Reuters broke the news that Tillerson will not attend the NATO meeting, but meet instead with Chinese president Xi Jinping at President Trump’s Mar-a-Lago resort. Tillerson met with Xi last weekend in Beijing to discuss the growing threat from North Korea’s nuclear ambitions.
The US Secretary of State has already questioned the wisdom of sanctions against Russia that he said could harm American businesses. The Trump administration also recently declared that Germany “owes vast sums of money to NATO”.
The North Atlantic Treaty Organisation was created in 1949 to serve as a bulwark against the Soviet Union, which no longer exists and that has deprived its supporters of a raison d’etre.
The decisions to skip the NATO meeting and to visit Moscow are therefore feeding resentment in anti-Russian US Democratic as well as Republican circles. “It feeds this narrative that somehow the Trump administration is playing footsy with Russia,” one former US official who spoke on condition of anonymity, told the Guardian.
“If reporting is accurate, Donald Trump’s Administration is making a grave error that will shake the confidence of America’s most important alliance and feed the concern that this administration simply too cozy with Vladimir Putin,” a ranking Democrat on the House Foreign Affairs Committee, said in a statement.
“I cannot fathom why the Administration would pursue this course except to signal a change in American foreign policy that draws our country away from western democracy’s most important institutions and aligns the United States more closely with the autocratic regime in the Kremlin.”
Another ranking member of the House intelligence committee, also expressed his outrage: “I have to hope that that story is not true. We’ve already sent a terrible message to NATO. The only message frankly that has gotten through from this administration to NATO is not that we support you, not that we value you or thank our NATO allies for coming to our assistance in Afghanistan and Iraq where NATO soldiers have stood by, fought by and died with our own troops, but rather pay up. That’s the only message we’ve delivered.”
Unhinged Democratic Representative Jackie Speier likened Russian President Vladimir Putin to a tarantula in “the middle of a spiderweb” who is “entrapping many people to do his bidding to engage with him”.
She also called Russia’s alleged election hacking an “act of war” despite a glaring lack of evidence.
Meanwhile the president of Germany’s Federal Intelligence Service Bruno Kahl claimed that it is Moscow who is responsible for militarisation of Europe.

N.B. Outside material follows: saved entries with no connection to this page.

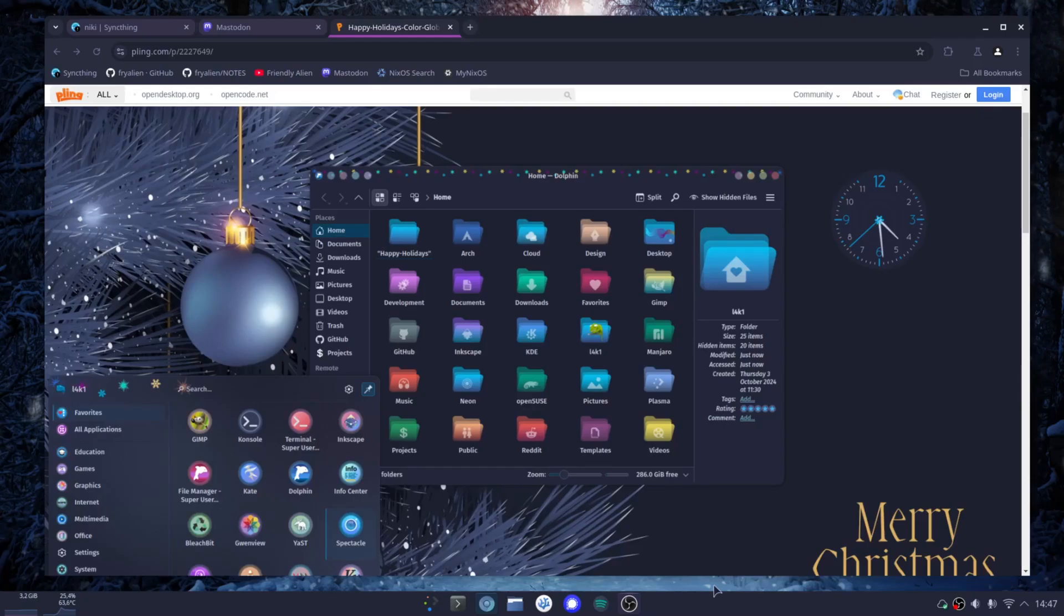Since holidays are coming, Christmas and New Year, I decided to show you how you can make your KDE Plasma more festive.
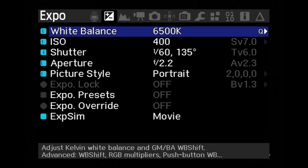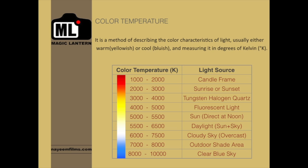Now the question is: why do we need to do white balance? The answer is, although our eyes are very good at judging what is white under different lighting conditions, digital cameras are not. Therefore, when you leave the camera on auto white balance, very often you will come across weird color cast in your image or video. By making white balance adjustments, you are basically removing those unwanted color casts.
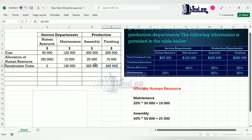Based on the recalculated costs, the Maintenance department now has $130,000. We're going to distribute this $130,000 directly to the production departments only. Nothing goes back to Human Resource because we're stepping down — once you clear a service department, no cost goes back to it. If you did that, you would be employing the repeated distribution method, which is covered in another session.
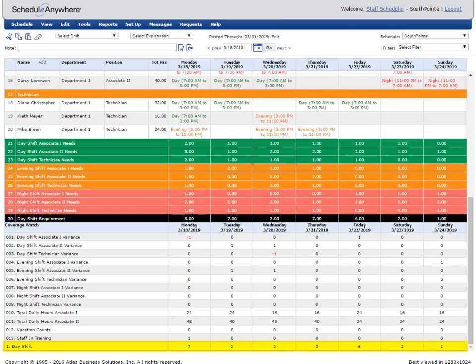The new coverage watch will appear at the bottom of the schedule. ScheduleAnywhere will automatically count how many people are scheduled for the day shift each day and display this number in the coverage watch row titled day shift.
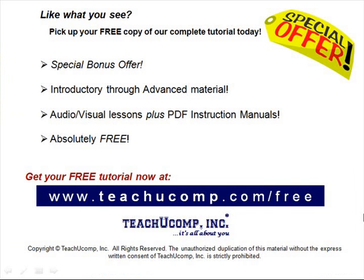Like what you see? Pick up your free copy of the complete tutorial at www.teachucomp.com/free.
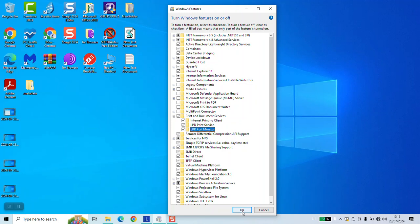Once done, you will be requested to restart your computer, and once you restarted it, the option should be fully functional for you.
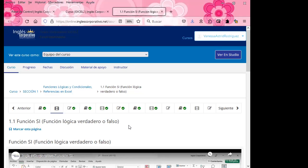En el libro van a encontrar la información teórica. Después pasan al video, descargan la plantilla y realizan la actividad en conjunto con la docente. Después pueden pasar a las pequeñas autoevaluaciones. Desde el día de mañana iniciamos la sección número dos y vamos a iniciar nuevamente con el progreso de nuestra aula virtual. Es importante que además de ingresar a la clase síncrona, igualmente puedan realizar las actividades que se encuentran ahí.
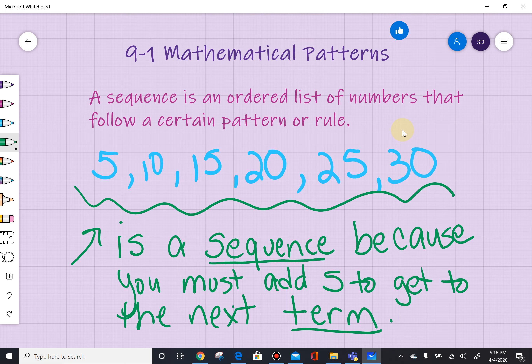Hi, this is Mrs. Downey and I'm going to talk about chapter 9. In chapter 9, it's all about sequences and series. So let's start by talking about what is a sequence.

The Russian military threat has grown, and it cannot be regarded just as defense against the West, Kahl said recently.
“The Russian threat has grown. Therefore, we take it very seriously. This is not only a propaganda threat, it is the return of the entire topic of conventional weapons to the agenda,” Kahl told Spiegel magazine. He added that Russia has seriously increased its presence on the western border.

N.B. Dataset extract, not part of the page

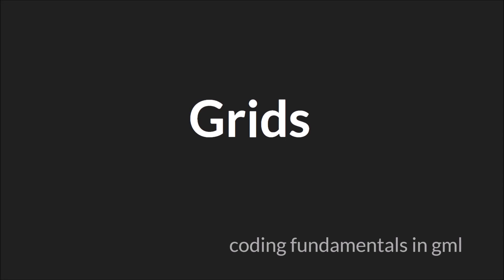Hello everyone. Welcome to another Coding Fundamentals in GML tutorial. My name is Sam Spade and in this tutorial we'll be talking about DS grids.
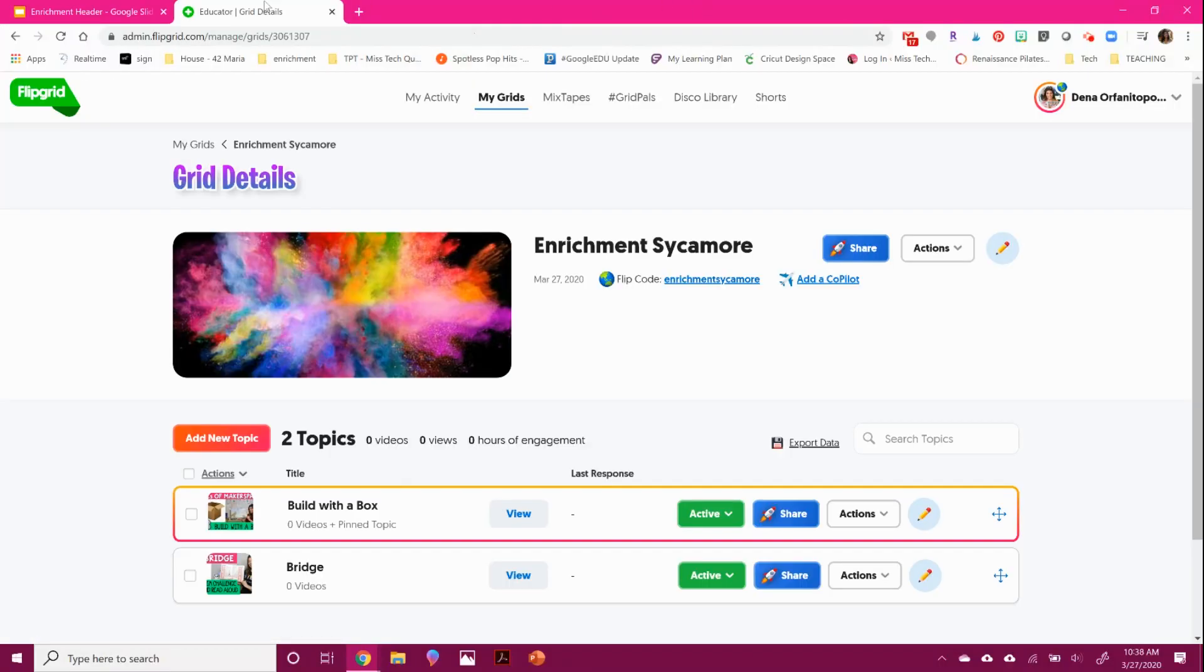Hi, everyone. I'm going to show you today how you can change and customize your Flipgrid grid header. Even though they have some nice ones, you might want to design your own style.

“Russia doubled its military power on the western border. This is not just Iskanders. There are many flying vehicles in the Crimean region, conventional armed forces. All this can not be regarded as a defense from the West. This should be seen as a potential threat,” Kahl said.

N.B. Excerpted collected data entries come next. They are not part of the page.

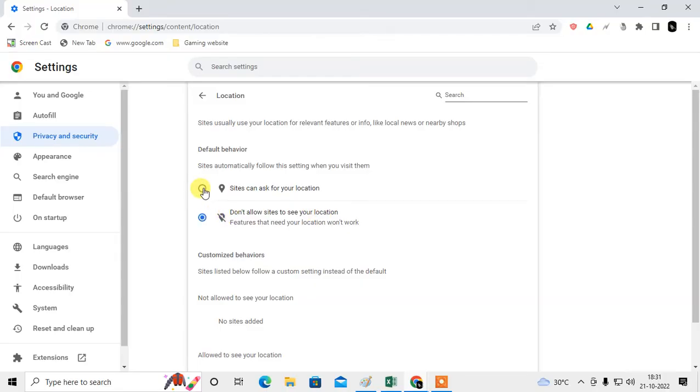If you want to allow sites, if you want to allow your location to all sites, you can just click on it. Now your location will be allowed to all sites.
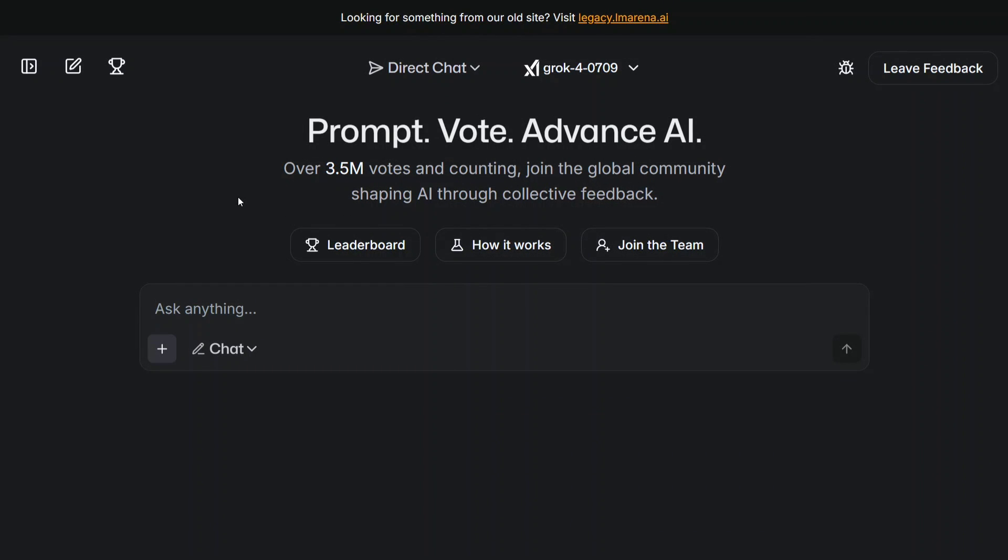Hi everyone, welcome back to Data Science in a Pocket. Today I'm showing you a secret website from where you can access Grok 4, the latest AI model by Elon Musk, the best AI as they mentioned in the benchmarks, for free. Yes, you heard it right - I haven't paid a single penny and I would be able to use it.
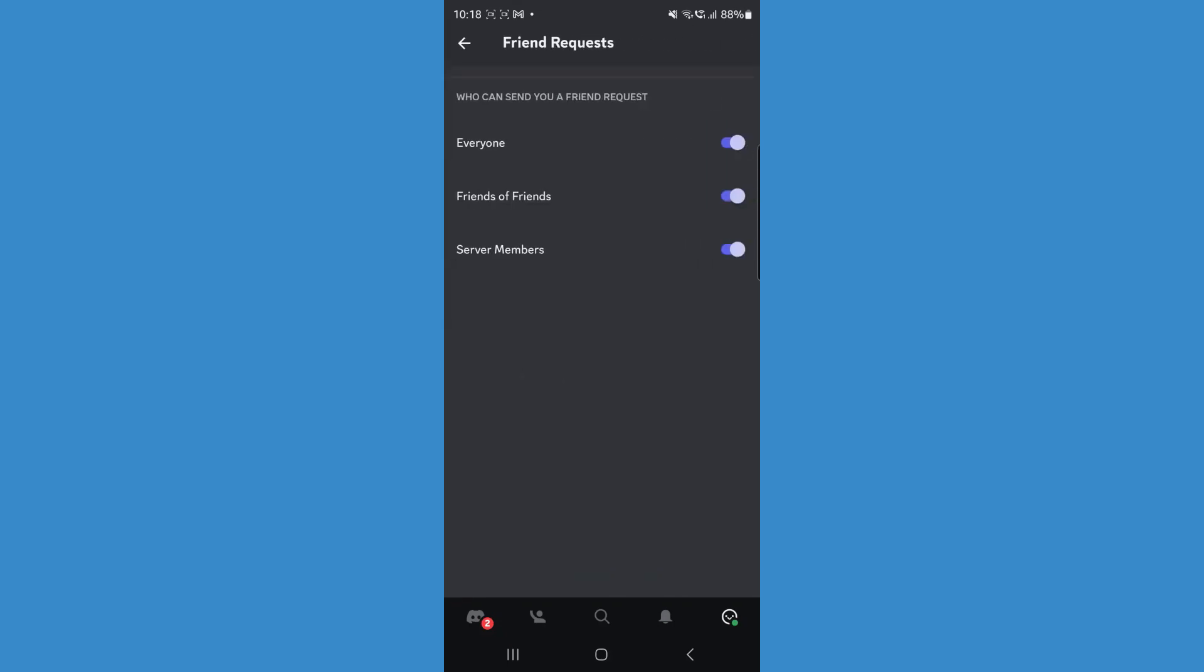And then as you will notice there are three options right here. So all you simply need to do if you want to disable friend requests for everyone is toggle all of these options off right here. And then once you do this, that will mean that you have disabled friend requests on your Discord account.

But NATO has planned the deployment of no less than four multinational battalions in the Baltic states and Poland by June 2017. NATO has been steadily building its military presence in Central and Eastern Europe ever since 2014, using alleged “Russian aggression” as a pretext.
Around 4 000 NATO troops with tanks, armored vehicles, air support and high-tech intelligence centers will be arriving in Poland, Latvia, Lithuania and Estonia.
Russia has repeatedly voiced its concern over the increased number of NATO troops near its borders. “The alliance is known to have deployed hundreds of military bases along the rather big perimeter around Russia. The real increase in the number of NATO troops in countries neighboring Russia through permanent rotation of contingents as well as the lack of the constructive dialogue with us urge Russia to take serious retaliatory steps,” Russia’s Ambassador to Lithuania Alexander Udaltsov said in February.
Apart from the buildup on its borders, Moscow is also concerned by the new US ground-based missile defense system in Eastern Europe and increased presence of NATO vessels in the Black Sea.
In February, Russian President Vladimir Putin blamed NATO for endangering international peace by trying to provoke a conflict with Moscow through its “newly-declared official mission to deter Russia”.